Assignment 3

An investigation of the correlation between Population and Road Accident in India

Nishant Dudhwala (S3752868)

Last updated: 24 October, 2019

RPubs link information

Rpubs link: http://rpubs.com/nishant910/542536

Introduction

In 2017,464910 road accidents happened across various states in India.
In 2017,Ministry of Road Transport and Highways, Government of India gathered the data from the Police Headquarters of the various states, UTs and Million Plus cities in India.
The data refers to Total Number of Road Accidents, Persons Killed and Injured.

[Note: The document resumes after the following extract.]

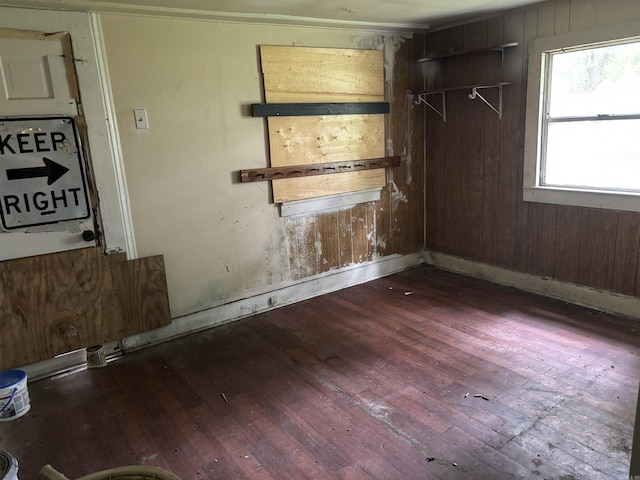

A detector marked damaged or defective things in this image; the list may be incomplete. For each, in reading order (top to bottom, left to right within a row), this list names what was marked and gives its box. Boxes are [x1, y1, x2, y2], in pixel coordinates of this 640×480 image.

damaged plaster wall [100, 15, 422, 320]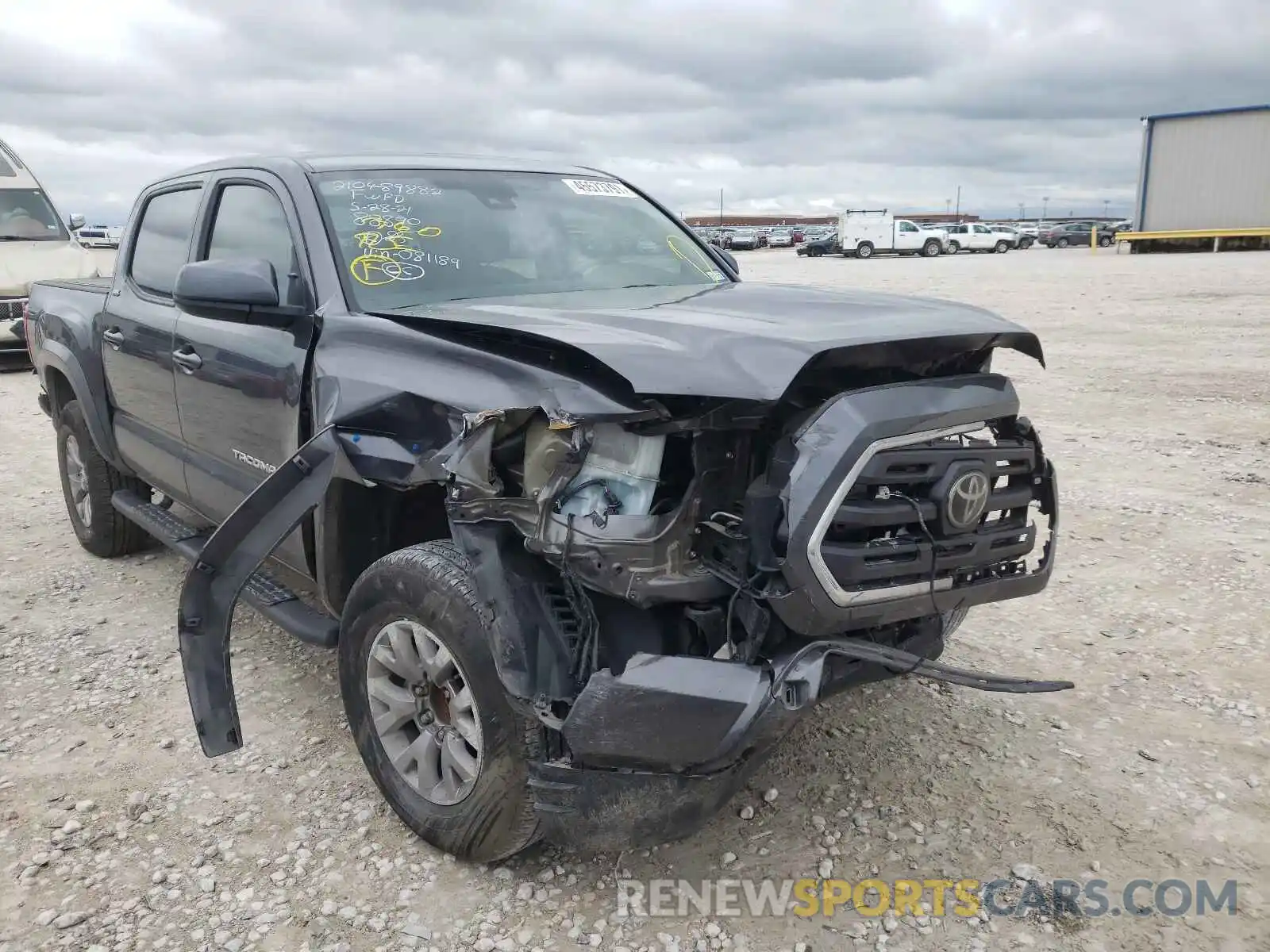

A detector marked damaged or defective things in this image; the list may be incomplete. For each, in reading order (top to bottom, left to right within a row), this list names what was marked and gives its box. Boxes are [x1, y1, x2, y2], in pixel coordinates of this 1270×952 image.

It also provides some other information like Number of Accidents per Lakh Population, Number of Accidents per Ten Thousand Vehicles etc.

Problem Statement

The objective of the research was to investigate how the population of India will link to Road Accidents in India.
Population_of_India and Total_Number_of_Road_Accident are the object variables.
In order to gain Insight, plots are used to visualize the numerical data.
The examination adopted a two-paired t-test to check if there was a statistically significant difference in the Population_of_India and Total_Number_of_Road_Accident.
The hypothesis was presented:

\[ H_0: \ The \ data \ sets \ variables \ does \ not \ fit \ the \ linear \ regression \ model\] \[ H_A: \ The \ data \ sets \ variables \ does \ fit \ the \ linear \ regression \ model\]

Data

Road Accident data was published in 2017 on https://data.gov.in. Here is the link of the data : https://data.gov.in/resources/road-accidents-persons-killed-and-injured-1970-2017
Important Variables of Data set are as follow:
Year
Population of India (in thousands)
Total Number of Road Accidents (in numbers)
Total Number of Persons Killed (in numbers)
It also provides some other information like Number of Accidents per Lakh Population, Number of Accidents per Ten Thousand Vehicles, Number of Accidents per Ten Thousand Kms of Roads etc.
I have consider road accident data from Year 2000 in order to find correlation.

Descriptive Statistics and Visualisation

Summaries of Population_of_India and Total_Number_of_Road_Accident variables were produced.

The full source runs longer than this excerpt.